World of Warcraft no longer compatible with Windows 2000 in Mists of Pandaria

One of the big benefits to playing World of Warcraft has always been that it can be played on a variety of systems, from the exceptionally small and outdated to the current, top-of-the-line models. I always found that a fascinating phenomenon, and it made good sense -- after all, if you want the max number of players able to play your game, you want to make it available with the widest software and technology possible. Yet there's a drawback to this; if you want to continually make that content available for older systems, there's only so far you can go updating content.
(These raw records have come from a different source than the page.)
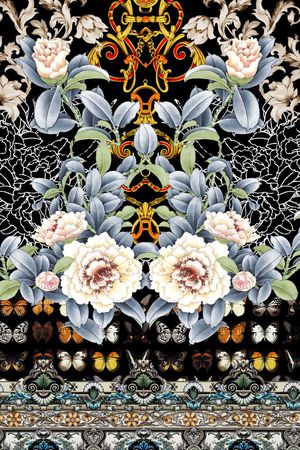 潮流时尚印花华亿平台图片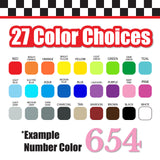 Single Number Decal Sticker Individual Numbers Decals 3 pcs Color Solid - Libre Baskerville Bold Font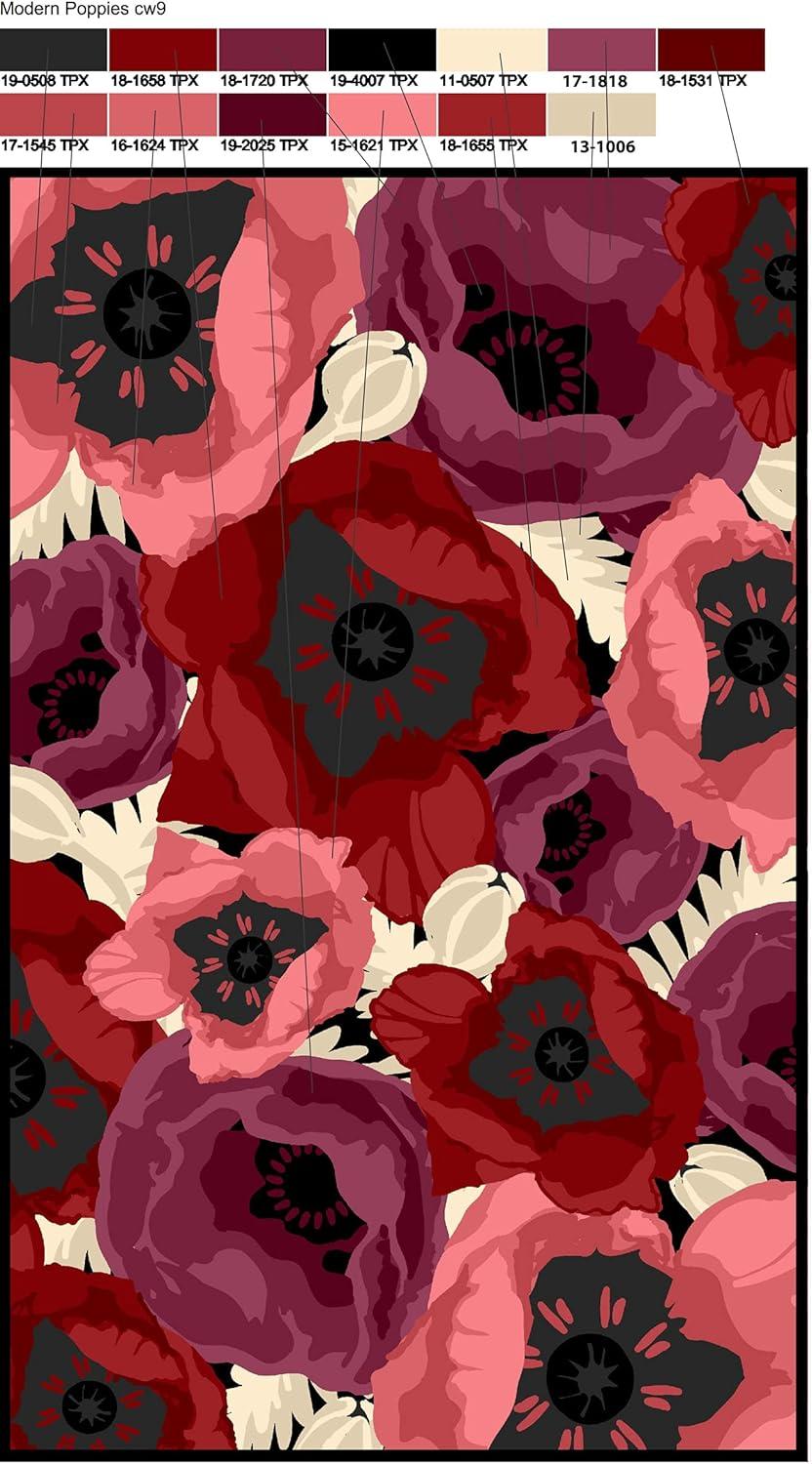 imageMartha Stewart x SAFAVIEH Area Rug Collection 3 x 5 Red Handmade Wool Ideal for Living Room Bedroom Foyer Accent Space MSR4872ARed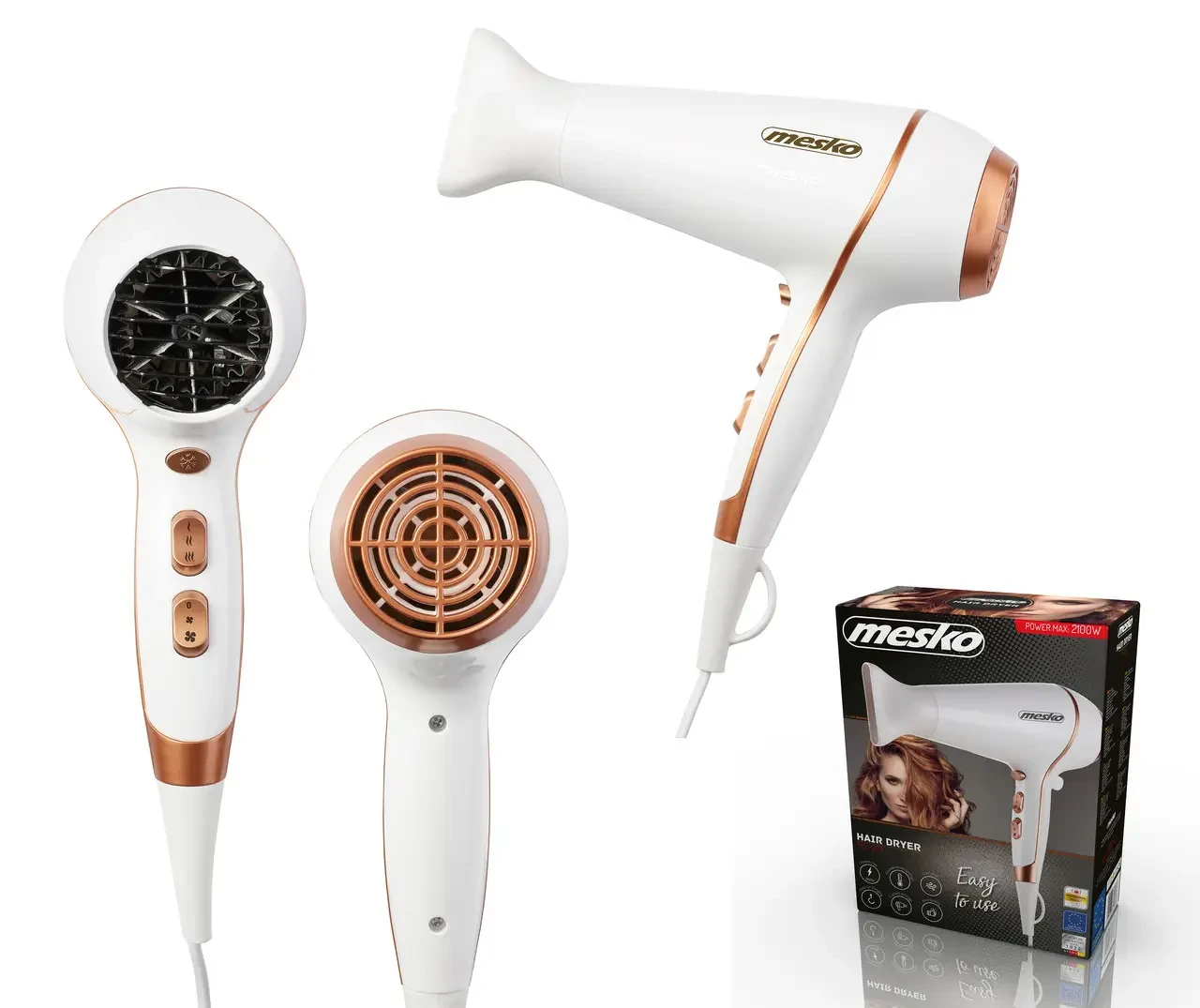 Фен Mesko MS 2250 2100 Вт (5902934831338) - фото 4 Фен Mesko MS 2250 2100 Вт (5902934831338) - фото 4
As a game that just celebrated its seven-year anniversary, WoW absolutely needs to keep updating in order to remain competitive. With new MMOs coming out all the time, a game that is seven years old starts to lose its shine. Continuous updates make sure that it stays just as fresh as it did in 2004. You can't keep those updates rolling if you're trying to support an operating system that is now 12 years old. I think, however, we're safely in the territory where most people have moved beyond Windows 2000, so this shouldn't affect a huge majority of players, particularly when Microsoft itself has already phased out support for the operating system. What this does do, however, is make me look forward to Mists of Pandaria and what it has in store.
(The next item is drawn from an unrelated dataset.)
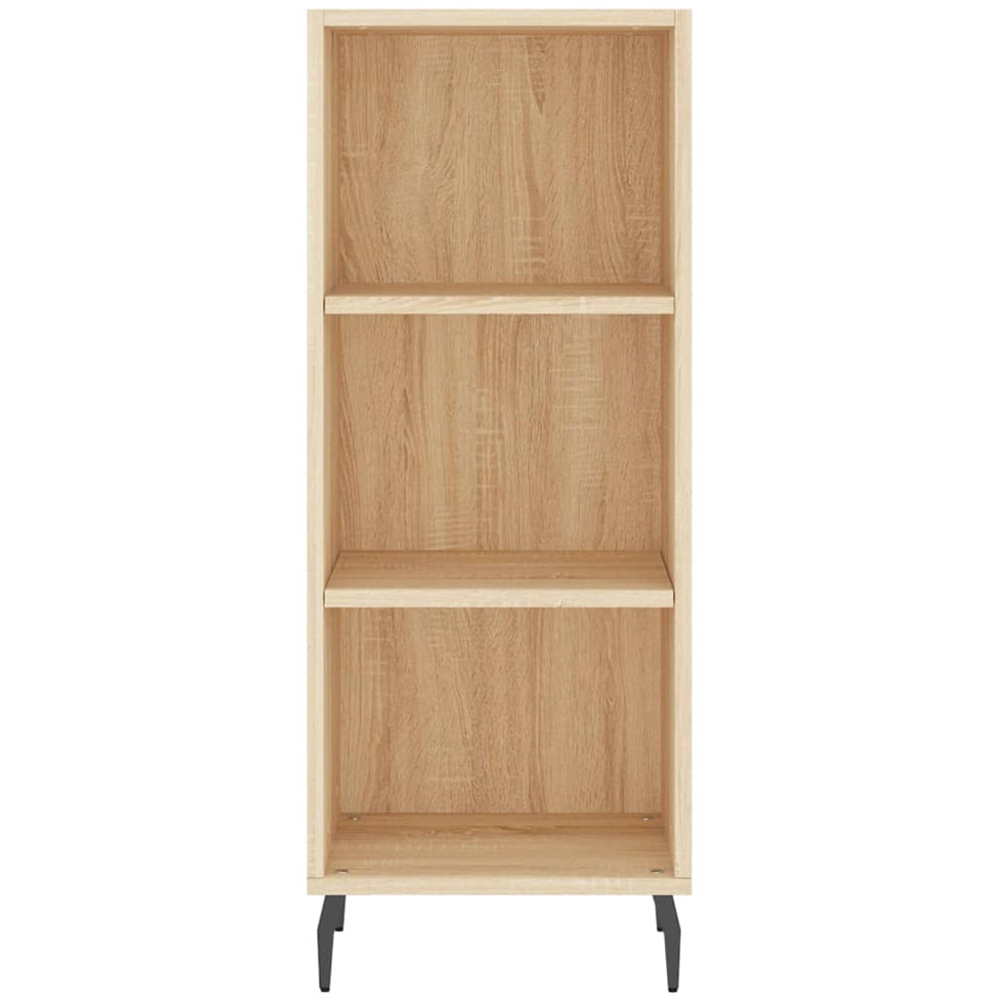 vidaXL 3 Open Shelf Sonoma Oak Sideboard with Metal Legs Image 4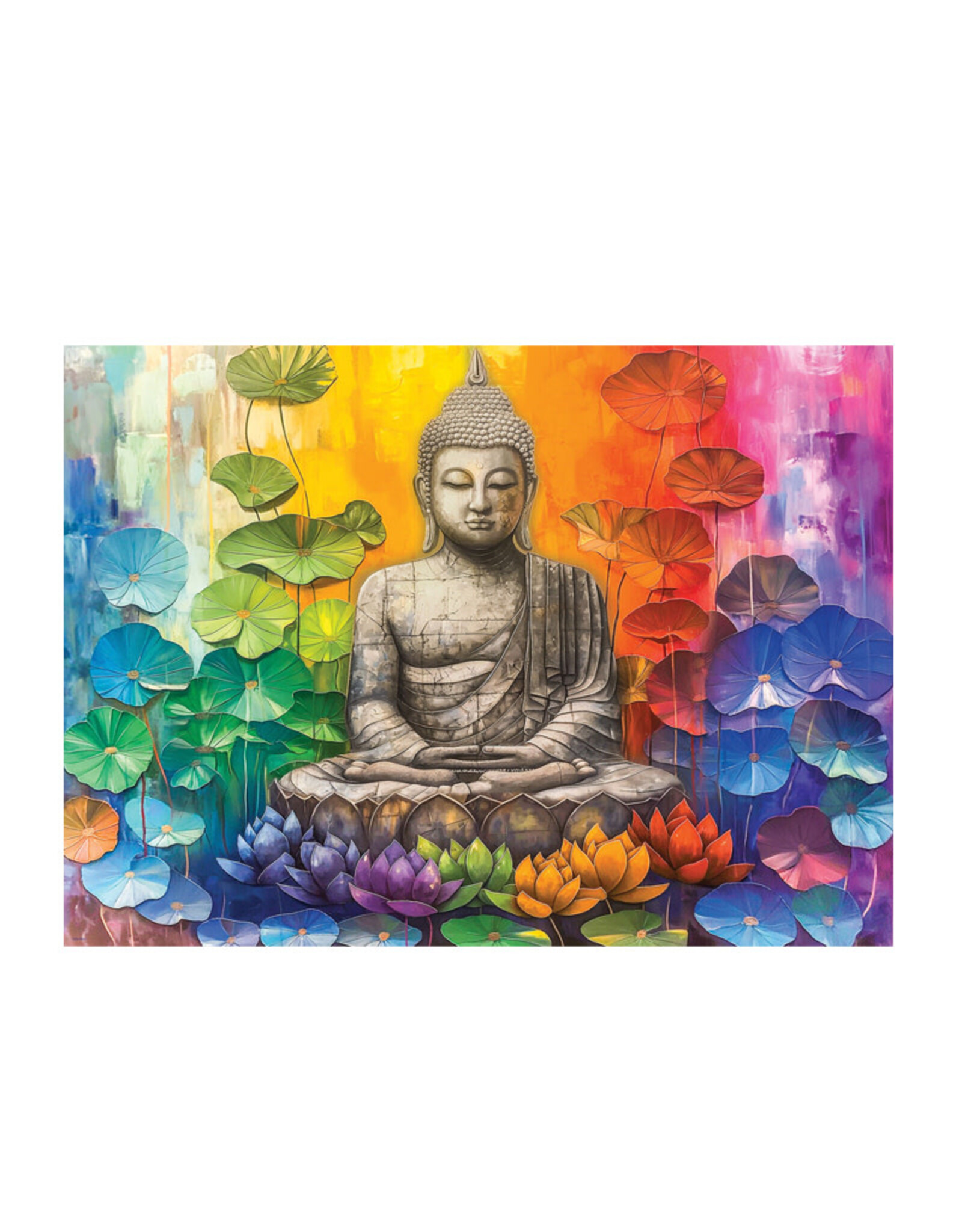 Eurographics Colorful Buddha Puzzle (1000 PCS)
In preparation for the upcoming release of Mists of Pandaria, updates to World of Warcraft will no longer support Microsoft Windows 2000. Microsoft ceased support for this version of their operating system in 2010. Players still using Windows 2000 are encouraged to upgrade prior to the release of Mists of Pandaria.
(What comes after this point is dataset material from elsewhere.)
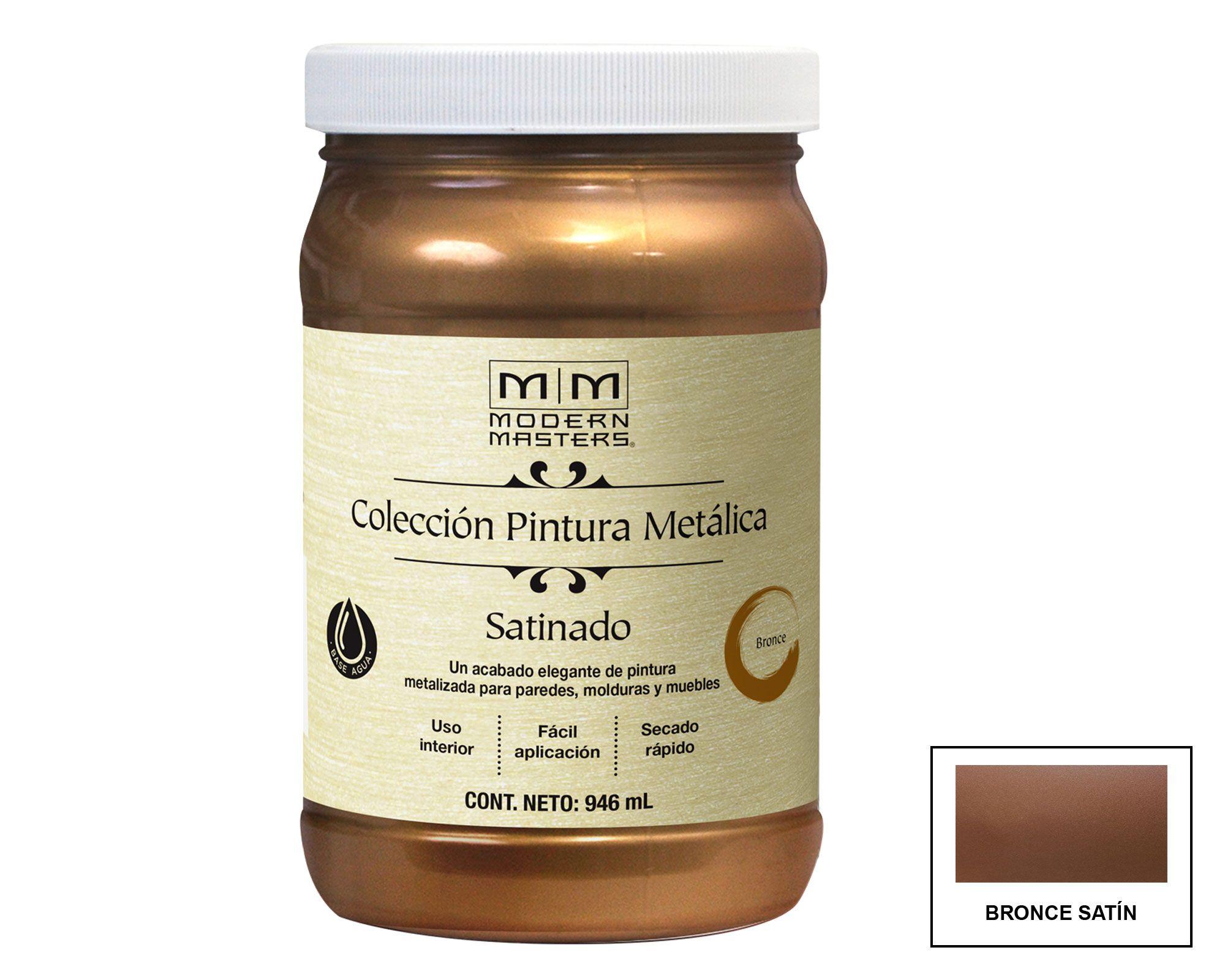 Esmalte al agua 946 ml Modern Masters bronce satín satín Rust-Oleum-0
World of Warcraft: Mists of Pandaria is the next expansion, raising the level cap to 90, introducing a brand new talent system, and bringing forth the long-lost pandaren race to both Horde and Alliance. Check out the trailer and follow us for all the latest MoP news!
Filed under: News items, Hardware, Mists of Pandaria






Reader Comments (Page 2 of 3)
wow Jan 10th 2012 9:33AM
Speaking as someone from the old DOS days. :) Yes, I am old enough to remember the ole text based OS. hehe. Win 7 has come a long way from it's earlier versions (remember Windows 1.1?). Windows XP SP2 still has a special place with me as being the most stable I've ever used. Windows 7 has also been very stable. Unfortunately, I haven't upgraded my Virus Called Vista machine to Win 7 yet. I really need to do that before Mists is released so I can take real advantage of the 64-bit being implemented.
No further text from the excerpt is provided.